The train from Paris to Le Puy ran along mountain rivers, past rugged stone villages built to withstand ice and snow, flashing by the dark silhouette of a chateau perched high up. I was going to stay with Francoise, my dear friend who gives heart and soul to working her organic farm and welcoming guests to her rustic chateau bed and breakfast.   Francoise loves antiques and interiors as I do and over breakfast next day we trawled through adverts for upcoming markets and sales to visit. The season had yet to begin so I was also able to set to and paint the ancient doors on the stone staircase.  A quiet, if not chilly, joy. 

A carved garland on one of the local online selling sites looked worth a call.  Madame who answered the phone explained that she was clearing her parents’ house and perhaps we might find other things of interest there.  Directions were given to a large house up a steep lane above a village with a river rushing through it:  “Come to the end of the track and take the sharp hair pin turn.” 

Madame waved to us from a balcony, pointing to where we should park.  Lawns dotted with bare trees and shrubs sloped away from the large white building.  Madame explained that this had once been a “Fresh Air Centre” where four hundred children would arrive by the coach load to spend a day in this rugged, rural setting.  The children were given a cooked lunch, played games and had tea.  Her parents had retired some years previously and grown old here, and now, inevitably, Madame and her sisters were slowly emptying the property. 

We were shown through to two large rooms where trestle tables had been set up for the kitchen and catering equipment, all for sale. 

Where something elsewhere caught my eye I was told, oh no, my sister wants that, no my other sister needs that, no we still need those….
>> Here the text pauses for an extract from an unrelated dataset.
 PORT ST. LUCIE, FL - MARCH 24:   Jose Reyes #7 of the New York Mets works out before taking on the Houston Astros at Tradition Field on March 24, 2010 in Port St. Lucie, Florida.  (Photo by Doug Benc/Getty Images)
Madame gave us a tour of the catering kitchens with stainless steel equipment of huge proportion. Although it had the feel of a 1960’s school with tiled corridors and metal railed staircases, beneath it all was a 16th century manor house.  Grey stone vaulted rooms on the ground floor held a vast stone fireplace with coat of arms smashed off during the Revolution.  These rooms were now empty but out in the terrace room with French doors looking over the valley, covered in plastic sheeting, was a long table.  Puis-je me permettre? May I permit myself? I asked, lifting up the sheeting.  Here was a sturdy zinc covered table with a broken leg which had been overlooked, but to my eye it was worthy of rescue. 

A washing trough in the courtyard taken over with weeds would make a lovely planter for Francoise’s herbs.  A copper bowl and an umbrella stand were emptied of rain water and brought in.

Madame would of course have to consult with her sisters, but eventually prices were agreed and everything would be collected later.  The visit was, as so often, a poignant slice of lives gone by.